• **EXERCISE DATA**:
___
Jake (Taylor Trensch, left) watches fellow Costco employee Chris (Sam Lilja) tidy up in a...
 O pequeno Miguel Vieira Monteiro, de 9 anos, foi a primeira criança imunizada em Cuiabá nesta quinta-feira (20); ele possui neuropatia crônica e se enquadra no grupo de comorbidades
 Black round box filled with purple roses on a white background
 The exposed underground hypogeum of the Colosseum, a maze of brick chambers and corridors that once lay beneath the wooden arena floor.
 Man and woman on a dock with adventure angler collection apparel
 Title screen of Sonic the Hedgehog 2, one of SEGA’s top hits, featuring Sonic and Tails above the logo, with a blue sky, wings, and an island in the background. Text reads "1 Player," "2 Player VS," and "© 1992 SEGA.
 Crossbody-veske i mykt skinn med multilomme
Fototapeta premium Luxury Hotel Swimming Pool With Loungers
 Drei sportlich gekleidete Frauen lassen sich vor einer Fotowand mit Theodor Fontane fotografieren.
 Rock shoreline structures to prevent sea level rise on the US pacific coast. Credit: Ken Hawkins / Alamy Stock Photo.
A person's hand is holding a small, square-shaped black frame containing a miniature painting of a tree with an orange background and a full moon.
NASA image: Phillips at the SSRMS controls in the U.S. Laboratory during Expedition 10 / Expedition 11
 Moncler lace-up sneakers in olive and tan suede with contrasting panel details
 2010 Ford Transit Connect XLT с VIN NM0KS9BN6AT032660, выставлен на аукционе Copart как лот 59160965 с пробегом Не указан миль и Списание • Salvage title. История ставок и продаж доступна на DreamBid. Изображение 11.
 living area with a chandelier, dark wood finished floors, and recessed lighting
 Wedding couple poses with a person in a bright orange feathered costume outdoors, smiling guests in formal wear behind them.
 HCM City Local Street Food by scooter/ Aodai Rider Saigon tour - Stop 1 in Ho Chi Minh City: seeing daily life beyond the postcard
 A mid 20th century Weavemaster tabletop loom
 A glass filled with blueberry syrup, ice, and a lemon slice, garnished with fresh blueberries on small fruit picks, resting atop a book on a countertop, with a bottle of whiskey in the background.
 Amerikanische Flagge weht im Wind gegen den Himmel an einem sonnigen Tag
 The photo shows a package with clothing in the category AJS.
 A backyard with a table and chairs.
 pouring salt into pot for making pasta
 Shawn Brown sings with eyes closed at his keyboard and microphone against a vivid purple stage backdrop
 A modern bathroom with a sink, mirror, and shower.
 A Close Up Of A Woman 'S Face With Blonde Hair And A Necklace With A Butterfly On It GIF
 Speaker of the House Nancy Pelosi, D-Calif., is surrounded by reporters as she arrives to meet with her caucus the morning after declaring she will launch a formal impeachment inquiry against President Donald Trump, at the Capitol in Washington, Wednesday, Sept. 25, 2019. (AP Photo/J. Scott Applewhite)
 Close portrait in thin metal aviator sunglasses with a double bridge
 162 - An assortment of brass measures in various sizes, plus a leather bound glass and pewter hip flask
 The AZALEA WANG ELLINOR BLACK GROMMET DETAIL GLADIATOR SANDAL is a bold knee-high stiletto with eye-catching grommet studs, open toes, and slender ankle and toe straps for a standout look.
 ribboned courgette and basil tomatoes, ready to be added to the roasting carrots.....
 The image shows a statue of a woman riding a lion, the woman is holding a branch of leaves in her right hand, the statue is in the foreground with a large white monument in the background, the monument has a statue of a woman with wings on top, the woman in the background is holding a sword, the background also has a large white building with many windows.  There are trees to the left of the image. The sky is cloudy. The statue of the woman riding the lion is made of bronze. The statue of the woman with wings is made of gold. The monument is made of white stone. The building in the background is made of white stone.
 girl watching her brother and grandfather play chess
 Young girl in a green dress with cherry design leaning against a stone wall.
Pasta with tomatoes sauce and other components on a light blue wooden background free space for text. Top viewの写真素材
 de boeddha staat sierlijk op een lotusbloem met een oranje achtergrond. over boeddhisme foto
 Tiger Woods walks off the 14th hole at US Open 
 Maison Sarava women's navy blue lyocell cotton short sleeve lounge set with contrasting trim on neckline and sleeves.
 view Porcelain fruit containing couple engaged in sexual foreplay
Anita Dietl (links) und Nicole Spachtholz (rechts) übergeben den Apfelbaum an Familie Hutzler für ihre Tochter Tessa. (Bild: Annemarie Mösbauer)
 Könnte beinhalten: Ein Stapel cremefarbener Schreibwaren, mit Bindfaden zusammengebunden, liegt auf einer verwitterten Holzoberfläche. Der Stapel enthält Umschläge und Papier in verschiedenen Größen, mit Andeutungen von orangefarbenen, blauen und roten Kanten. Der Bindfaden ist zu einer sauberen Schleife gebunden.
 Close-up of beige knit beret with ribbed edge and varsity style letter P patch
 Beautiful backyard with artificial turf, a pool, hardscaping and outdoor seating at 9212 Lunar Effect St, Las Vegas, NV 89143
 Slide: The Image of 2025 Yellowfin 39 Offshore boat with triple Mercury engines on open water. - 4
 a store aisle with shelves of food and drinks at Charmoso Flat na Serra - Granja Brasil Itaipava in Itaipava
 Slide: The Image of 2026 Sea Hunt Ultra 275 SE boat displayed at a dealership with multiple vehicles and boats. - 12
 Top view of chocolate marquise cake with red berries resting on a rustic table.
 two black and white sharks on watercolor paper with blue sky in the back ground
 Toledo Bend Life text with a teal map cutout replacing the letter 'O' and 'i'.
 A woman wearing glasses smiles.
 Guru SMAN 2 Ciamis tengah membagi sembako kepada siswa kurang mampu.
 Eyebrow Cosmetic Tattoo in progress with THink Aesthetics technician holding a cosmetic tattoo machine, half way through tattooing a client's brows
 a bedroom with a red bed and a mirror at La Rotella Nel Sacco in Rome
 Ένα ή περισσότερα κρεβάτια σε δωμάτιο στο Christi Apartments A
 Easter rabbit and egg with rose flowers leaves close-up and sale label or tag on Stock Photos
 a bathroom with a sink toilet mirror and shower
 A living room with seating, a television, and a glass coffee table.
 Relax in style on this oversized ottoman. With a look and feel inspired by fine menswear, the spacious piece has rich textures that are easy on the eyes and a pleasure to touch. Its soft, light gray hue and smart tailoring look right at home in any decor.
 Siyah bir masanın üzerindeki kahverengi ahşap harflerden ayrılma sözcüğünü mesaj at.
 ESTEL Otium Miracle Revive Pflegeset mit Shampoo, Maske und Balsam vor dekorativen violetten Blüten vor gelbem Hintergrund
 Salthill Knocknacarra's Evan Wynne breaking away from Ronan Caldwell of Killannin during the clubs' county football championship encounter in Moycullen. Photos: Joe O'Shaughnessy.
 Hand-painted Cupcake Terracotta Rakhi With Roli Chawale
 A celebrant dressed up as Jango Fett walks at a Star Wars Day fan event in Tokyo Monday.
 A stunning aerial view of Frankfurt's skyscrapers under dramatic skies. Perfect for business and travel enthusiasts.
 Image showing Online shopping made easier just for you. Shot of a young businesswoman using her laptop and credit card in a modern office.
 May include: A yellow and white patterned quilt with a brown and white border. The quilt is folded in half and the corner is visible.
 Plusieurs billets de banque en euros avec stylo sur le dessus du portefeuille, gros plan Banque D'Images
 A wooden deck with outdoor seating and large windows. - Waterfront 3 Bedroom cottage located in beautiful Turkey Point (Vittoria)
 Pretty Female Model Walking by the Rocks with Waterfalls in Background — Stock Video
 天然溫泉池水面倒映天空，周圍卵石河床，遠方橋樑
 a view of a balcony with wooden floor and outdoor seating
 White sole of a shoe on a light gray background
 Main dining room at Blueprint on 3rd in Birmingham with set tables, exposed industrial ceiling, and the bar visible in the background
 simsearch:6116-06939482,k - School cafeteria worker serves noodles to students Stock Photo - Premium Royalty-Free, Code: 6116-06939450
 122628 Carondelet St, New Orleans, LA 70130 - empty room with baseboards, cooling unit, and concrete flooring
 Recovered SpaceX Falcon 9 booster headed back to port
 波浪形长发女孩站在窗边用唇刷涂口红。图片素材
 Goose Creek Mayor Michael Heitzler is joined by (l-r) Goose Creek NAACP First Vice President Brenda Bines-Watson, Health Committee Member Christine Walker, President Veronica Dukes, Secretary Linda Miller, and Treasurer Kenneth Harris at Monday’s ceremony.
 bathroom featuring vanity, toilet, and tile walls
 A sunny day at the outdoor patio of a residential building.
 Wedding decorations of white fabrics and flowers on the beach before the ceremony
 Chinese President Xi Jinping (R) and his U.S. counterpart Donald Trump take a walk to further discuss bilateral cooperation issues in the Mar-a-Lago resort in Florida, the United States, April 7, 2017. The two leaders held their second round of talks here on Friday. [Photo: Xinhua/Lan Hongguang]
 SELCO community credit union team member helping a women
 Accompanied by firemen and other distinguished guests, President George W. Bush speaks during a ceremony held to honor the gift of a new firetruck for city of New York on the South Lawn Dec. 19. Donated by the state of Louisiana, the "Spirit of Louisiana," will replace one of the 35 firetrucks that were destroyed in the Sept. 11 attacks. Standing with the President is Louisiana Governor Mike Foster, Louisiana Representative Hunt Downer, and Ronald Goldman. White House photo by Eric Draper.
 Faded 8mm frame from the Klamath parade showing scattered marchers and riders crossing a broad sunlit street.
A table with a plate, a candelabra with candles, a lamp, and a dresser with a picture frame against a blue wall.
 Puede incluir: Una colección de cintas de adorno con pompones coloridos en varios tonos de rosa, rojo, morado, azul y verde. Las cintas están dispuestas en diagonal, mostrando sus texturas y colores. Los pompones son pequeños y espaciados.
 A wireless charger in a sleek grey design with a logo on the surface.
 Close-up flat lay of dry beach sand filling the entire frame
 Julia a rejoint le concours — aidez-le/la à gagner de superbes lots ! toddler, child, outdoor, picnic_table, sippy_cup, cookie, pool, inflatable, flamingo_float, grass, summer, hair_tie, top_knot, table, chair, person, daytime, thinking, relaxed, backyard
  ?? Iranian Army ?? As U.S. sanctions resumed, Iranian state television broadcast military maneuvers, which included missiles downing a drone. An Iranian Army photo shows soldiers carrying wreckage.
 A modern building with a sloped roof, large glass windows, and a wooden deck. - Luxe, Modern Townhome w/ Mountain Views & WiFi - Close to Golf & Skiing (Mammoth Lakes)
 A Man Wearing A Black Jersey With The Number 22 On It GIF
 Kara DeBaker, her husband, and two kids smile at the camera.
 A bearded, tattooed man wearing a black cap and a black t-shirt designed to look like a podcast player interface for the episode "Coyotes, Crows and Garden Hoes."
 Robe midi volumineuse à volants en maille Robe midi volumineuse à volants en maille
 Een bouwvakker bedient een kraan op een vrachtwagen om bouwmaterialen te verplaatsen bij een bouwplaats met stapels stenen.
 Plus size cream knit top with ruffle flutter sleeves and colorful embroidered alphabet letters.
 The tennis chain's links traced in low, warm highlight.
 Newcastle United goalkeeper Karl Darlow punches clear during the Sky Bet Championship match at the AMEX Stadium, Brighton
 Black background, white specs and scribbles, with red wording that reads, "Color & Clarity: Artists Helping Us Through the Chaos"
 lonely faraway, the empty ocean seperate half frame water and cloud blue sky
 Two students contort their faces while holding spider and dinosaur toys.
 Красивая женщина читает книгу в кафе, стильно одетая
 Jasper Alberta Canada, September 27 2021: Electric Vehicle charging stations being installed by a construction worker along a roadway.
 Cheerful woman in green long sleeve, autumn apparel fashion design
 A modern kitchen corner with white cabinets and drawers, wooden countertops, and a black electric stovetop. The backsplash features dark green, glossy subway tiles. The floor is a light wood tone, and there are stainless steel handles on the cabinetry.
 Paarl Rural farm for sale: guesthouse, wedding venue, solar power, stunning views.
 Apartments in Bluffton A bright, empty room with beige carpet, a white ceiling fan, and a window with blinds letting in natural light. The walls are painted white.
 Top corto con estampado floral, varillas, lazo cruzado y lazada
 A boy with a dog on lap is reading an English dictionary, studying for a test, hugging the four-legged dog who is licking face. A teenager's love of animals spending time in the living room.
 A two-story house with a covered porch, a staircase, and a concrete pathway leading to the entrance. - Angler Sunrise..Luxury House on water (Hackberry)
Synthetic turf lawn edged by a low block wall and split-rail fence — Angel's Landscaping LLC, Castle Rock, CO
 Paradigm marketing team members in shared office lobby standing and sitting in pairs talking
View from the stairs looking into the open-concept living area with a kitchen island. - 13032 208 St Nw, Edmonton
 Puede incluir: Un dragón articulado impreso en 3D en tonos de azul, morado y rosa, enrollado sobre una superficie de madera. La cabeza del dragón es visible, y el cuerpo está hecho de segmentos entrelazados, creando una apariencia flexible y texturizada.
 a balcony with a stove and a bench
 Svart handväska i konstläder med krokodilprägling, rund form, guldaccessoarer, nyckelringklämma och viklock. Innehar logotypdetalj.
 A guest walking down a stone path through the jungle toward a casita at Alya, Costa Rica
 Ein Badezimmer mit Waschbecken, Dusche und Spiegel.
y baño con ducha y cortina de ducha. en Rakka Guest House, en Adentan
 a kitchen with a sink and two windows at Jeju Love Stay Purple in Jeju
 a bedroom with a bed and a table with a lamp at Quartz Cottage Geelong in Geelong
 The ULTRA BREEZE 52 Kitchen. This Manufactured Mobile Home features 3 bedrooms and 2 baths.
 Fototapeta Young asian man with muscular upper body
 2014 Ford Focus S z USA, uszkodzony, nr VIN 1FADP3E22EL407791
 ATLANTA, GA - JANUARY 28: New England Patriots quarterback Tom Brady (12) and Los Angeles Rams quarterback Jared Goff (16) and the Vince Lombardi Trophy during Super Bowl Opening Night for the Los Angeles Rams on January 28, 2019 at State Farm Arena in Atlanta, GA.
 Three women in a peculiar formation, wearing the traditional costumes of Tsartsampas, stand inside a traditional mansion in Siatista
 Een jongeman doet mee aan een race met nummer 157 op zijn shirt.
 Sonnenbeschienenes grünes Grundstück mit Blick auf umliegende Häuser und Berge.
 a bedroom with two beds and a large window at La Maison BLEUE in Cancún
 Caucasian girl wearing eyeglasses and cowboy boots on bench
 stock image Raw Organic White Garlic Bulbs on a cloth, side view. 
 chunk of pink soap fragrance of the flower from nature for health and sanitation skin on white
___
In the data above, retype exactly and only the lines between the one holding "Man and woman" and the one holding "Fototapeta premium Luxury", inclusive.

 Man and woman on a dock with adventure angler collection apparel
 Title screen of Sonic the Hedgehog 2, one of SEGA’s top hits, featuring Sonic and Tails above the logo, with a blue sky, wings, and an island in the background. Text reads "1 Player," "2 Player VS," and "© 1992 SEGA.
 Crossbody-veske i mykt skinn med multilomme
Fototapeta premium Luxury Hotel Swimming Pool With Loungers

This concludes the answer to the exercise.